PRESQUE ISLE (NEWSCENTER Maine) -- If our solar system measured forty miles across, the sun would be the size of a building in Presque Isle and Pluto would be the size of a marble in Houlton.
That profound thought came to Professor Kevin McCartney about twenty years ago. With the help of 700 people from all over Aroostook County, he assembled The Maine Solar System Model.
Of course, our discoveries about the solar system are constantly changing and McCartney must update his work.
"If there's anything wrong, people will tell me, right down to a quarter of an inch," muses the professor who is pleased that his efforts have helped get people to think. He also believes it has attracted a lot of tourism to The County.
"The distance between the sun and earth is ninety-three million miles.
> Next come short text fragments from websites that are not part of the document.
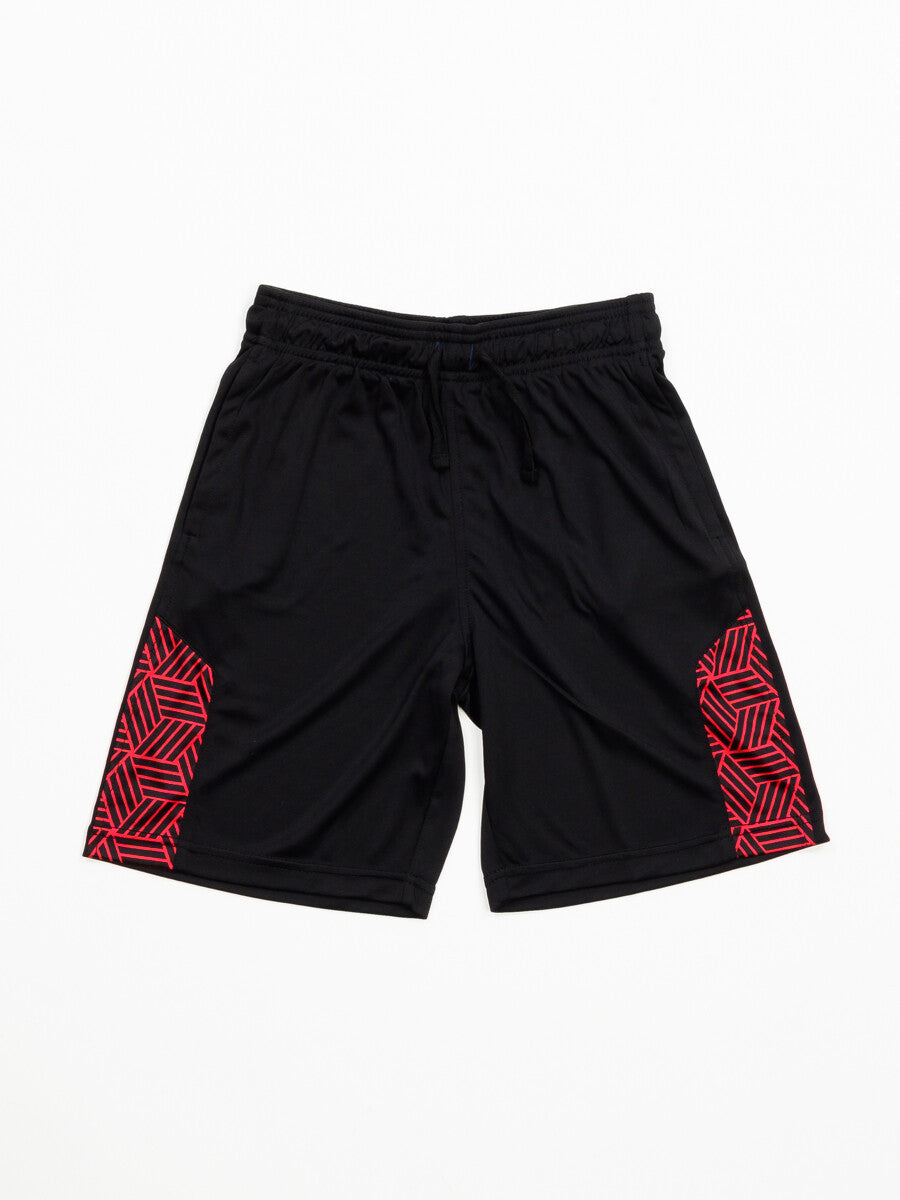 Black & Burgundy Outfits Short Sleeve Tee And Short Pants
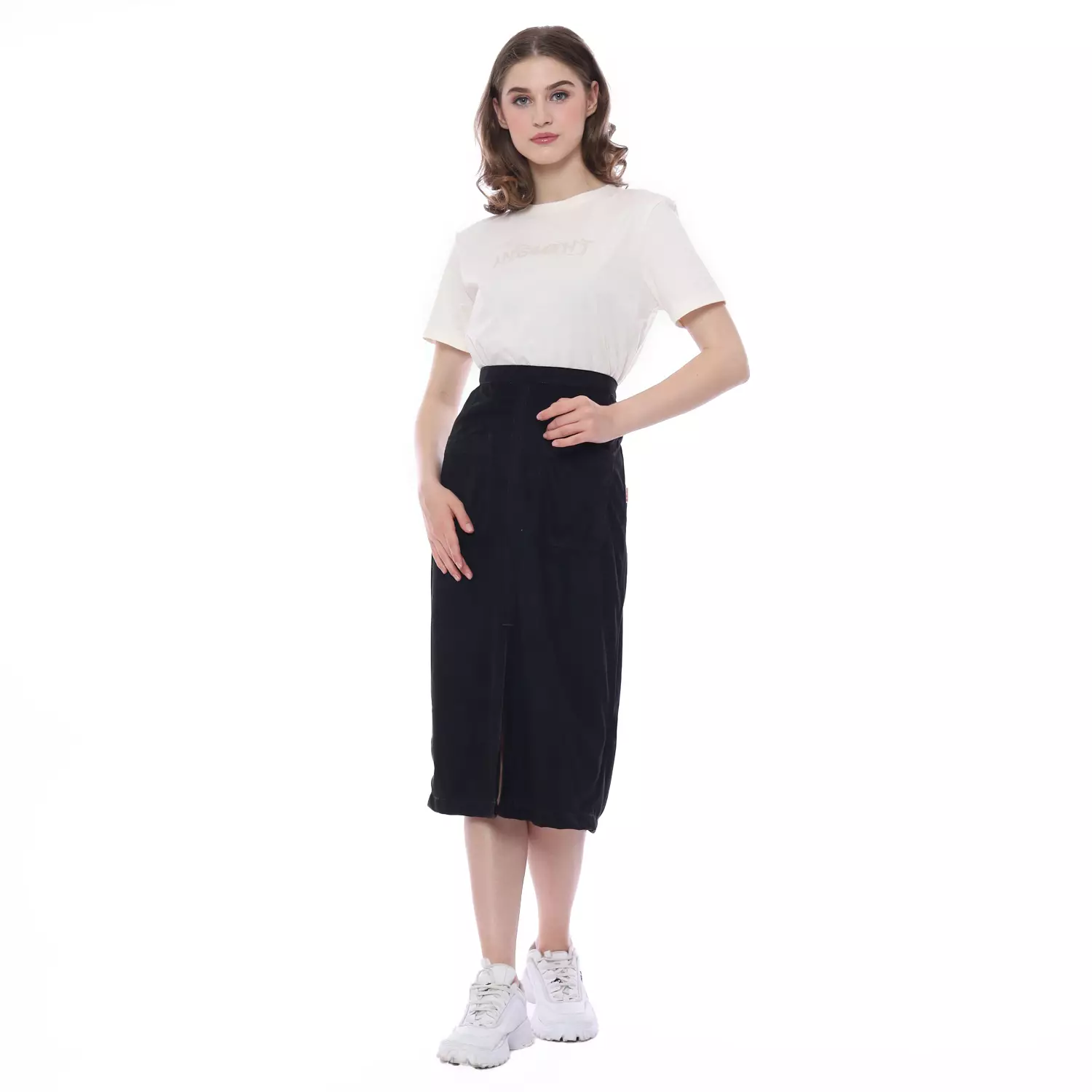 Insight Rok Wanita Young One Midi Skirt Planet Surf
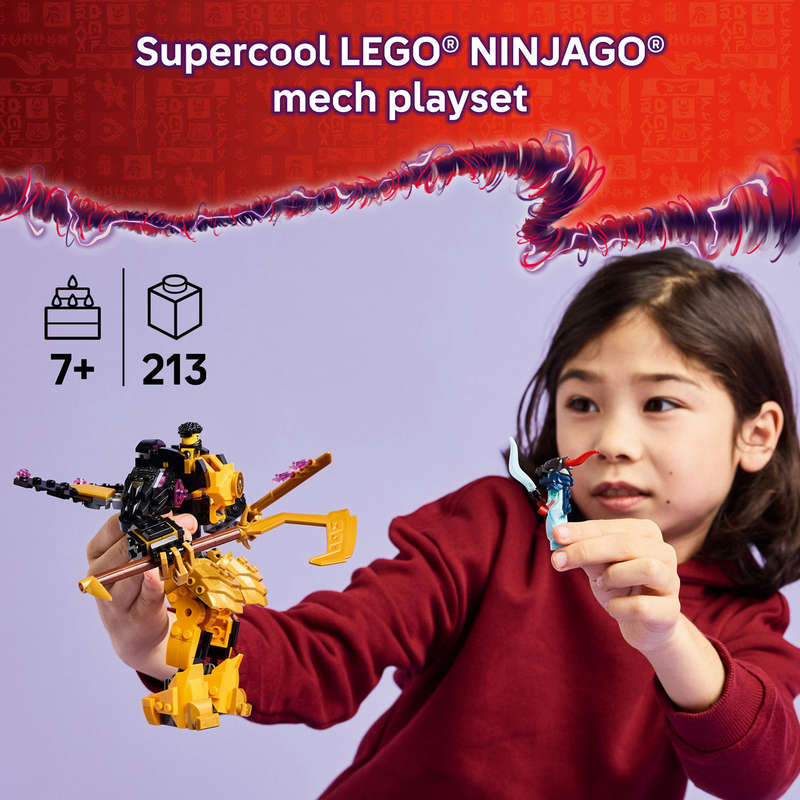 LEGO® NINJAGO® Arins Spinjitzu Battle Mech Toy Set 71839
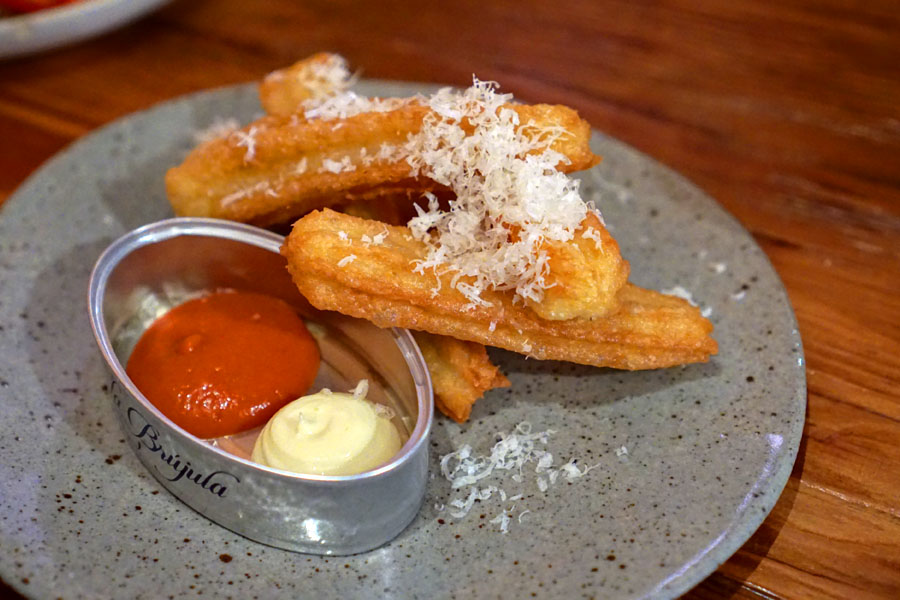 Churros de Patatas Bravas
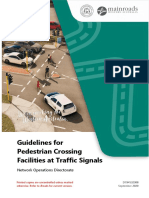 Guidelines For Pedestrian Crossing Facilities at Traffic Signals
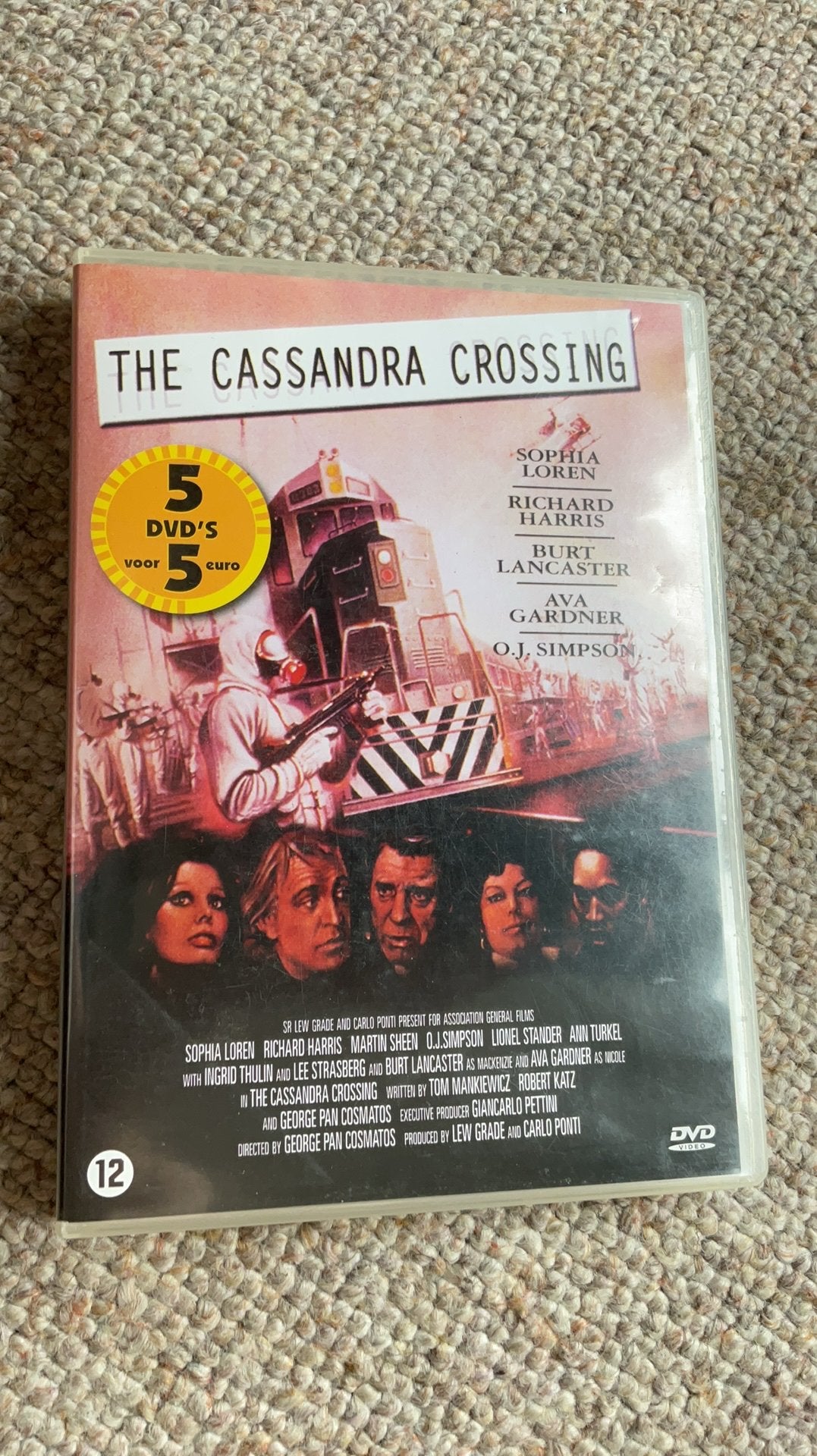 The Cassandra Crossing., Cd's en Dvd's, 1960 tot 1980, Engels, Nederlands, Ophalen of Verzenden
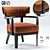 Elegant Small Armchair - Zoe 3D model small image 1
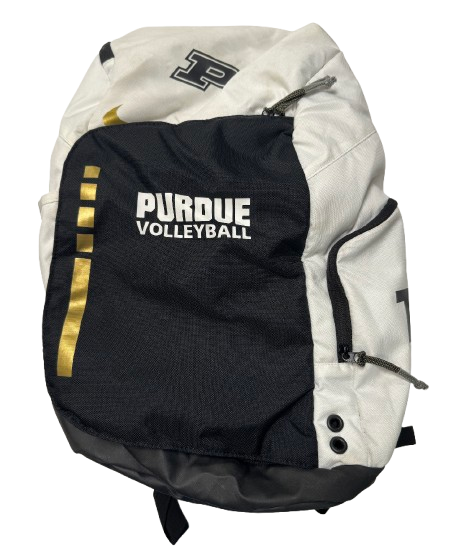 Raven Colvin Purdue Volleyball Team Issued Travel Backpack with Number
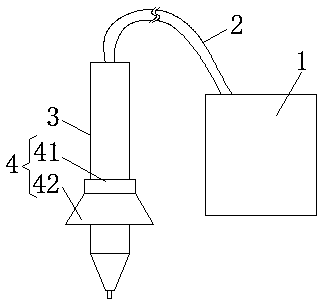 A size-adjustable and expandable anti-splash equipment for lathe electric riveting welding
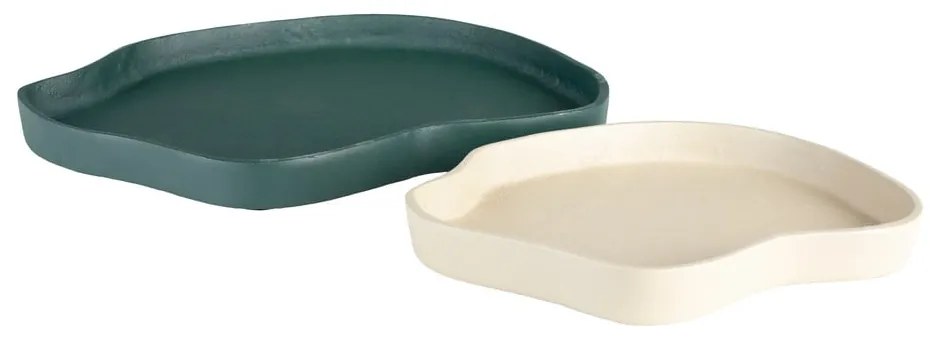 Метални декоративни подноси 2 бр. 35x23 cm Revolt – Zuiver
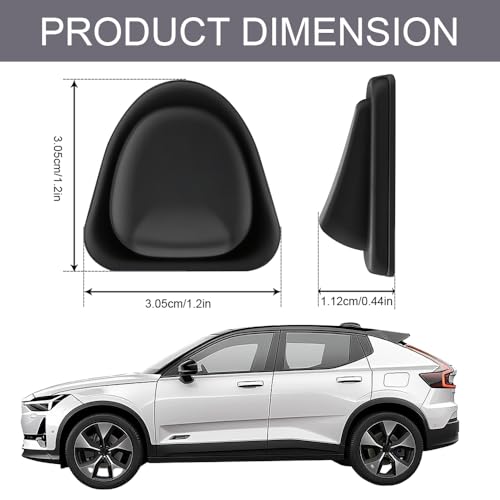 Limitador Insertos Portavasos de Silicona para Auto 6Pzs miniatura 2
That's an astronomical unit," he profesized.
That puts Mercury, Venus and Earth all within a mile of the sun, which is located at the University of Maine in Presque Isle.
The larger planets are properly spaced following Route 1 to the south toward Houlton.
Whenever a change is made to the solar system, McCartney must change his model. "It seems we're finding something every few weeks," he muses.
Two new dwarf planets are being placed. These will be the proper distance from the sun, but to the north away from other planets in the model. "Haumea will be in Lille. Makemake will be in Madawaska," he said.
The model has been a wonderful learning tool for people who drive the road regularly. It drives home the point that our solar system is a big place.
When asked where the next nearest solar system could be placed, McCartney has an intriguing answer.
"If we keep it to this scale, the next nearest solar system would be on the moon! he said. Then, noting how critical some visitors are adds, "approximately!"